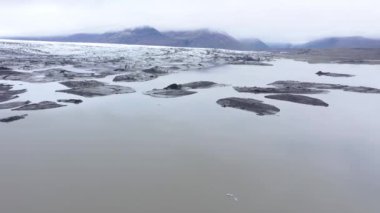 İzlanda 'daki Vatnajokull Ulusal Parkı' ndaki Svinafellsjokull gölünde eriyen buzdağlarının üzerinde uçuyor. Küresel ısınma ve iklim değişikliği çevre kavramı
○ ○ ○ ○ ○ ○ ○
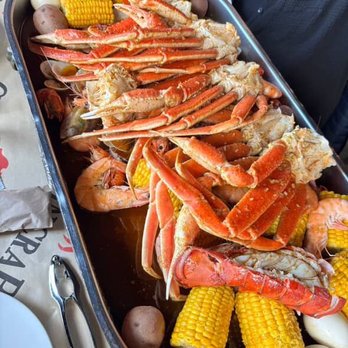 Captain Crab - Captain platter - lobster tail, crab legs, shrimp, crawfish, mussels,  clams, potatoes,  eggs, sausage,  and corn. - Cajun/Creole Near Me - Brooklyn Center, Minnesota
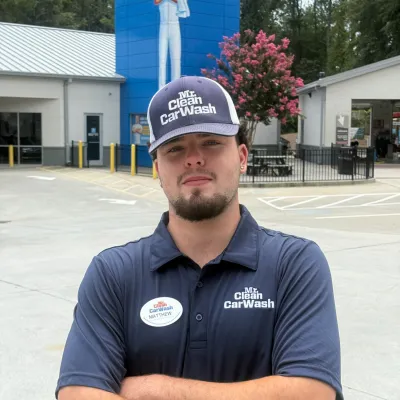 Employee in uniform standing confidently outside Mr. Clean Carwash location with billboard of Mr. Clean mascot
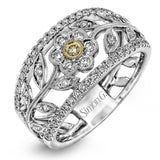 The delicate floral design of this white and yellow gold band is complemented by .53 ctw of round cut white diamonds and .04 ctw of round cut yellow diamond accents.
○ ○ ○ ○ ○ ○ ○
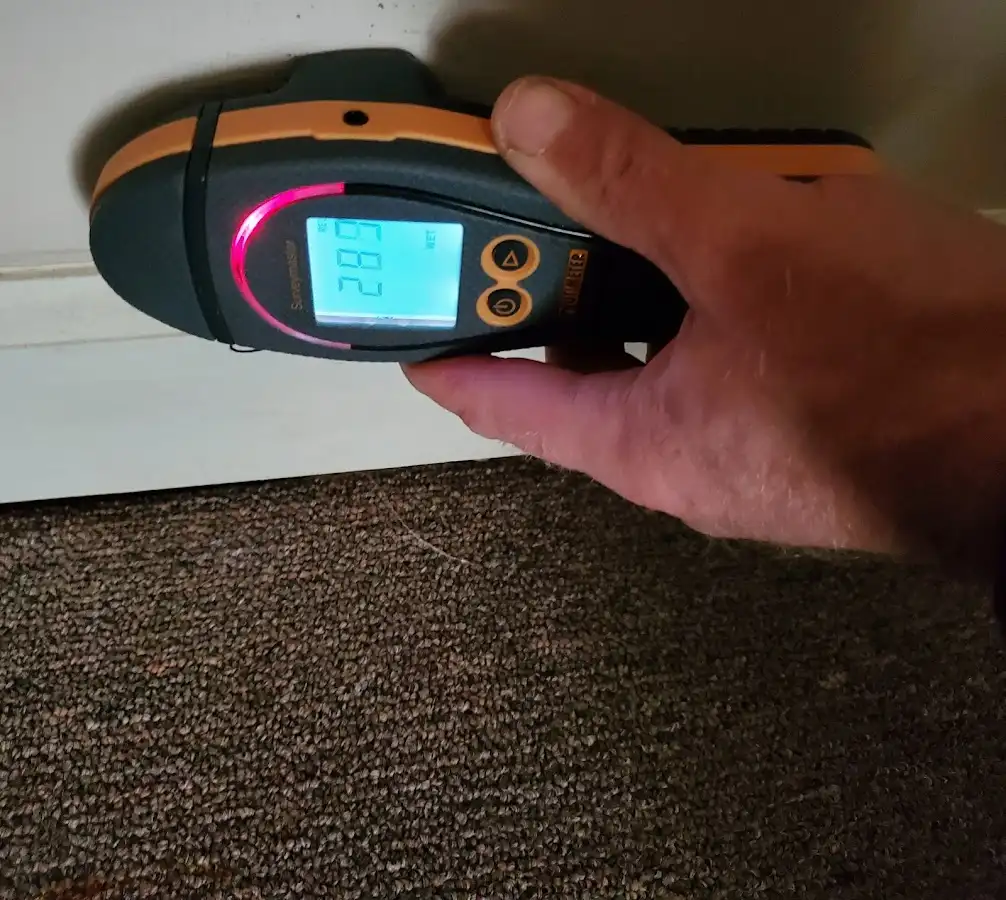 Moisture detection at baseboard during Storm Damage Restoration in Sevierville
○ ○ ○ ○ ○ ○ ○
▶ [YOUR INSTRUCTIONS]:
In the listing above, find the line containing "Employee in uniform" and the line containing "The delicate floral"; print those lines and every line between them exactly, leaving out pictures.

▶ [EXPECTED ANSWER]:
 Employee in uniform standing confidently outside Mr. Clean Carwash location with billboard of Mr. Clean mascot
 The delicate floral design of this white and yellow gold band is complemented by .53 ctw of round cut white diamonds and .04 ctw of round cut yellow diamond accents.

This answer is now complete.